*WORK TASK:* Here the job is to retype the data word for word while leaving the pictures aside.
:: DATA BELOW
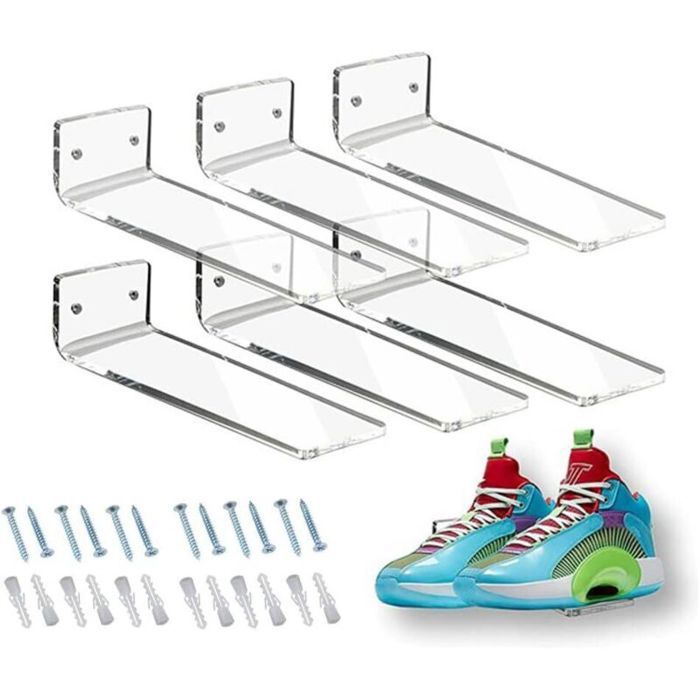 6pcs étagères chaussures – Acrylique transparent flottant – Pour salon chambre – 20x7.9cm
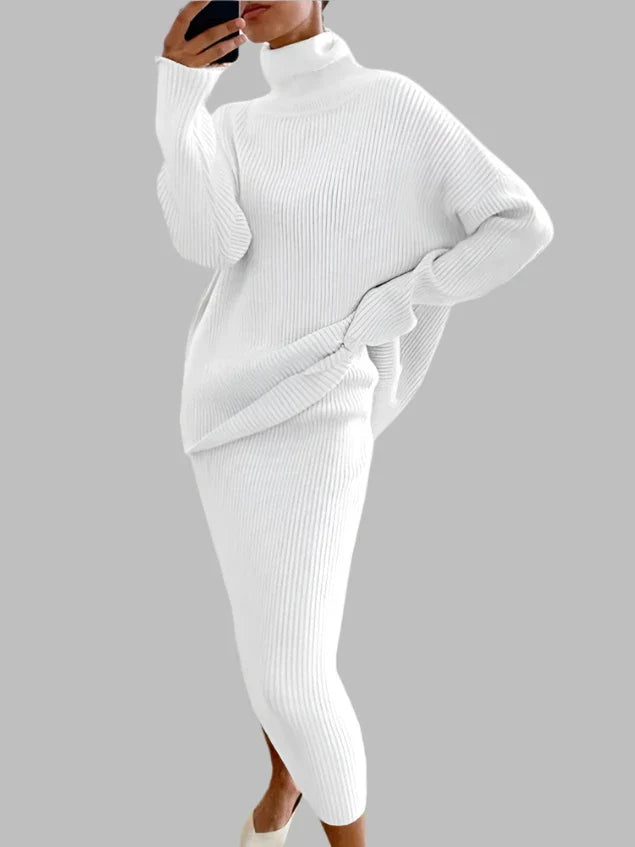 Cozy Knitted Turtleneck Sweater Dress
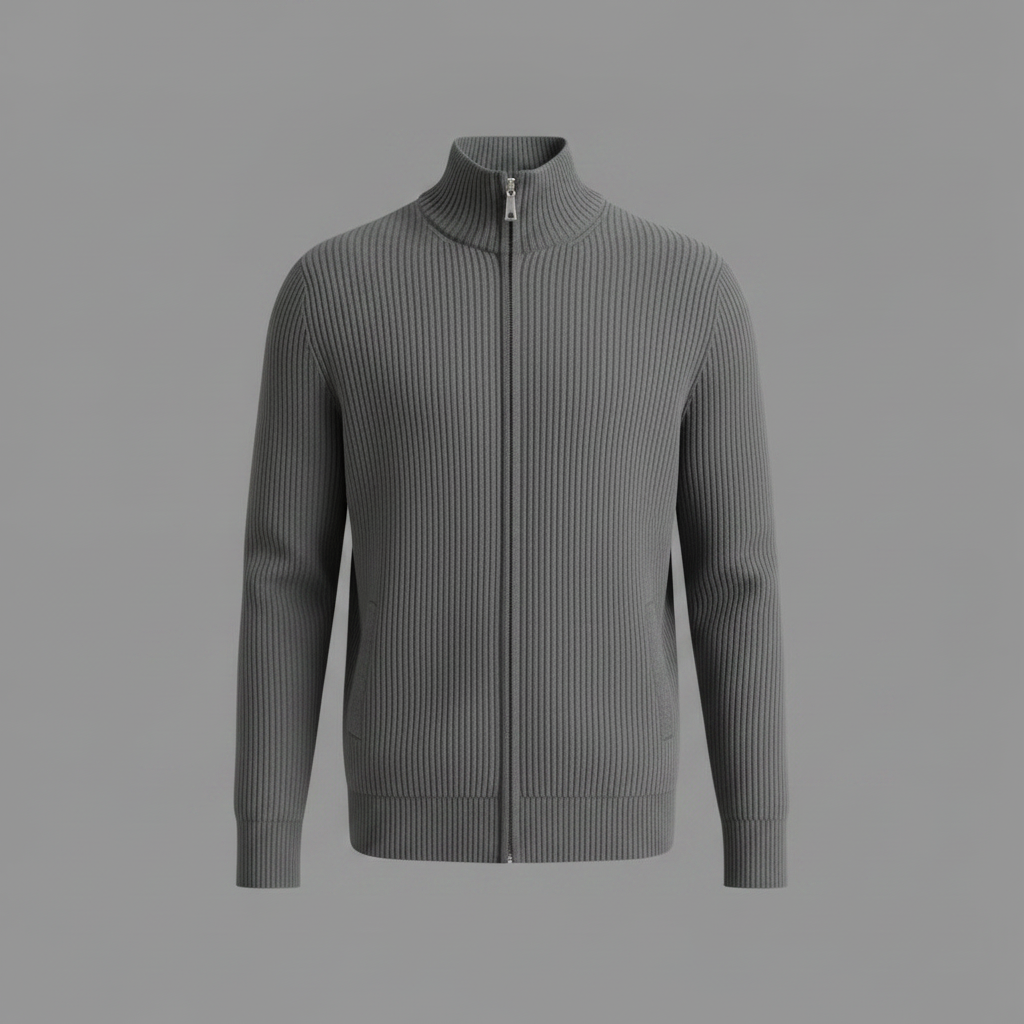Men's Slim Fit Zip Cardigan | Stylish Ribbed Knit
::::
*TASK RESULT:*
 6pcs étagères chaussures – Acrylique transparent flottant – Pour salon chambre – 20x7.9cm
 Cozy Knitted Turtleneck Sweater Dress
Men's Slim Fit Zip Cardigan | Stylish Ribbed Knit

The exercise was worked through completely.